Last summer, I struggled to find a supportive swimsuit that didn’t have multiple inches of bust padding. I wasted so much time in dressing rooms, looking at myself falling out of shrunken breast cups. Around this time, I came across Lladybird’s beautiful make of the Soma Swimsuit and was inspired to muster up the time and confidence to try my own version.

Version 1: Floral fabric from Etsy vendor BigFabricDeals

I was definitely intimidated by using swimsuit fabric, but it is truly no worse than sewing with knits. It’s a bit slippery and stretchy and requires the use of a zig zag stitch, but it is relatively stable compared to some rayons. My recommendation would be to cut out the pieces using a rotary cutter and make sewing indications with shallow notches.

Version 2: Stormy fabric from The Fabric Fairy

For both of the versions, I extended the top of the high waisted bikini by approximately 2 inches so that it fell on my natural waist. Since this pattern is a New Zealand pattern, seam allowances are in centimeters. In the floral swimsuit, I used 1/2 in seam allowances but found that they were too big. I was much happier with the 3/8 seam allowances in the storm swimsuit. Additionally, I changed elastic from a 1/2 in swimsuit elastic to a 1/4 in swimsuit elastic. This made it fit better, and the elastic roll over looks much nicer with thinner elastic.


In my first version, I fully followed the instructions and left the front bodice seams exposed around the triangle, finishing with a normal serged edge. After wearing it, I found that it bothered me that those seams were the only ones not enclosed. Why should they be out and about?! In my stormy swimsuit, I followed Lladybird’s recommendation to burrito the triangle like a yoke and enclose them. To do this, I attached the right side of the triangle together with right sides of the lining and patterned fabric together. To attach the left side of the triangle to the other bust cup, you have to roll/fold the bust cups within the middle of the triangle and move them out of the way of the seam line. Then, pin the right sides together again carefully stitch, ensuring not to catch the bust cups in the seam.
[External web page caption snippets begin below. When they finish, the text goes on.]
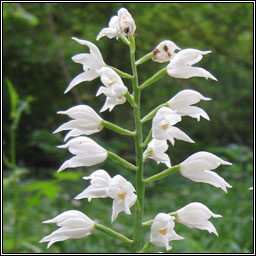 Narrow-leaved Helleborine, Cephalanthera longifolia, Cuaichn caol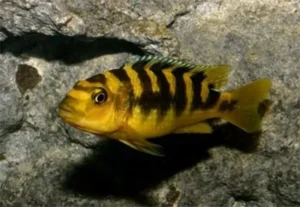 Pseudotropheus Crabro 4-6 cm - Bumblebee - Ciclidi Africani lago Malawi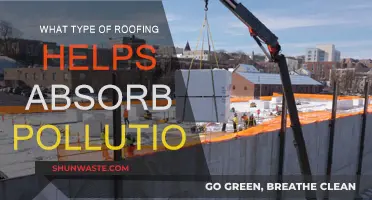 Green Roofs: Natural Air Purifiers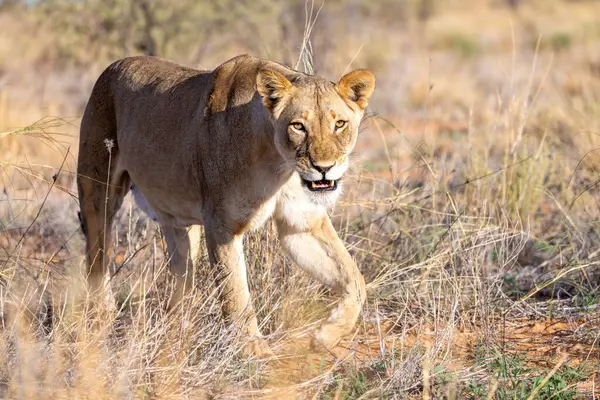 Kgalagadi Ulusal Parkı 'nda dişi aslan.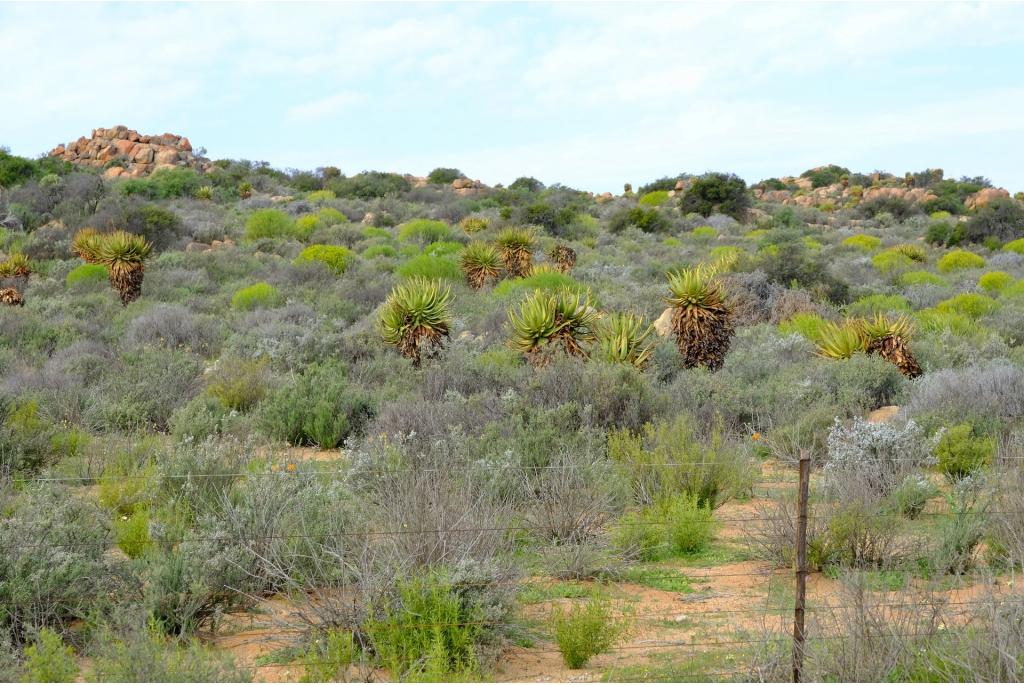 Kamiesberg aloë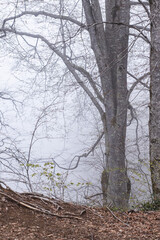 Fototapeta premium Mtirala National Park in mystical foggy weather, Georgia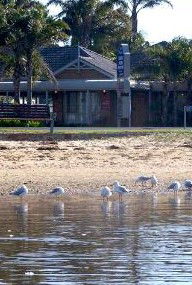 Best Western Coastal Waters Motor Inn - Tourism Noosa 2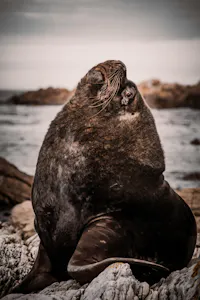 South American Sea Lion© Klajdi Cena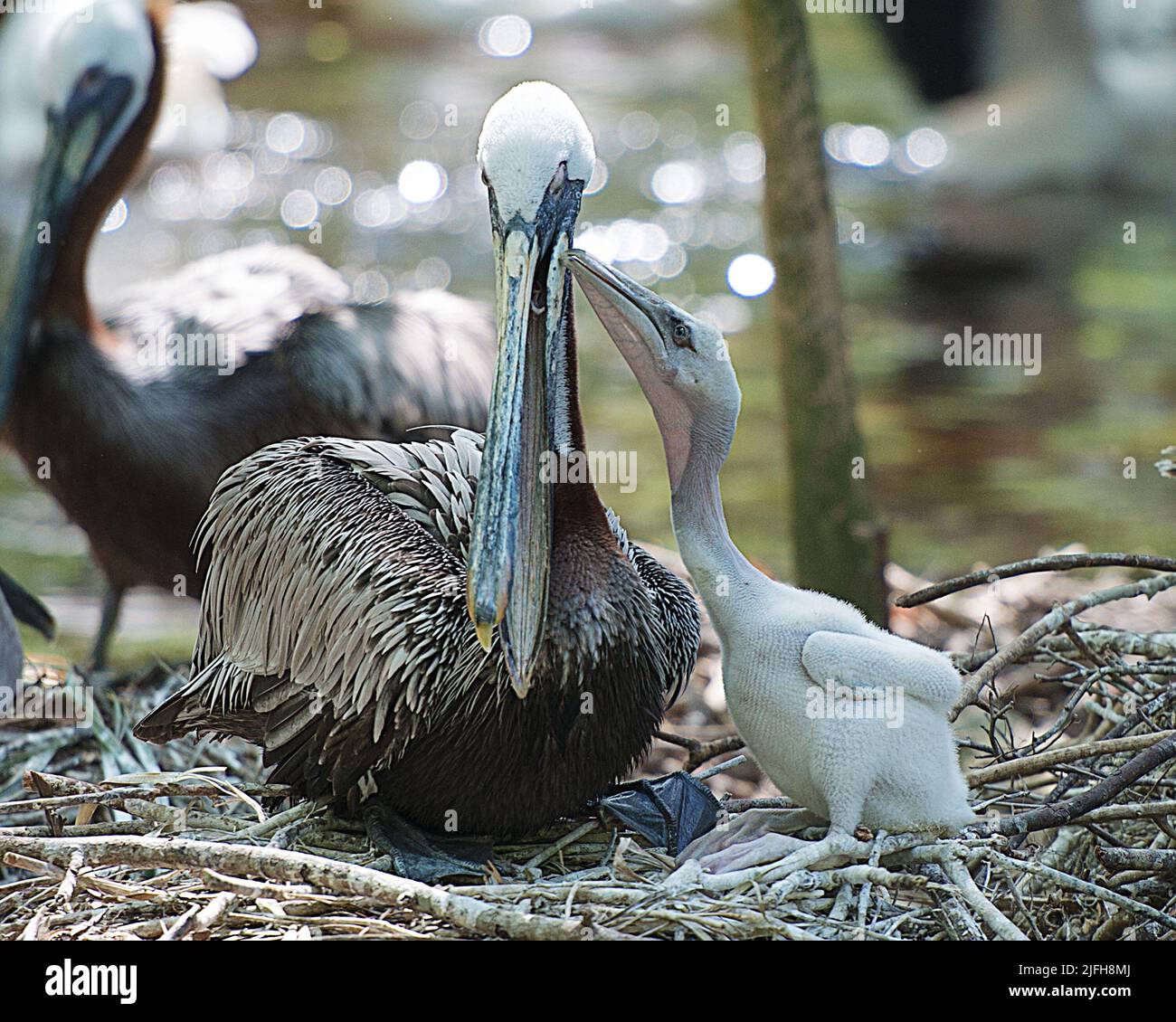 Pelican marrone adulto con il suo pelican bambino baciare la madre pelican esposizione corpo, testa, becco, occhio, piume di piuma nel loro ambiente. Foto Stock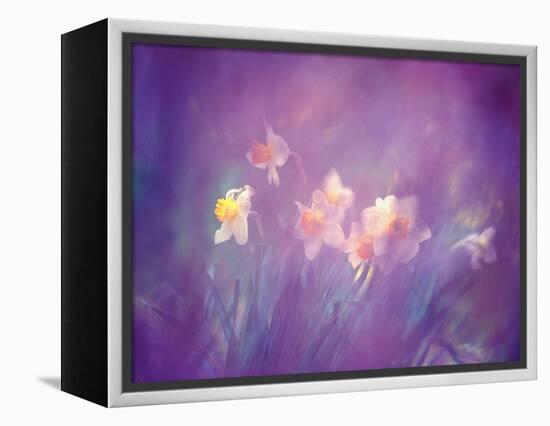 Abstract of Daffodils, New Brunswick, Canada-Charles R. Needle-Framed Premier Image Canvas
The top of the triangle was a little fiddly and I had to unpick a few stitches and redo a small section, but I’m really happy with the end result and found it to be entirely worth it.

These swimsuits came together much more quickly than I had expected. Even though the bodice has many parts, they are relatively straight forward and the assembly order simplifies the process immensely. I truly enjoyed making these! And it feels so great to have a swimsuit that holds me up and makes me feel fully confident. I can see myself making more swimsuits in the future as the need arises.


Bonus photo of Rosie helping me take pictures, always such a helper.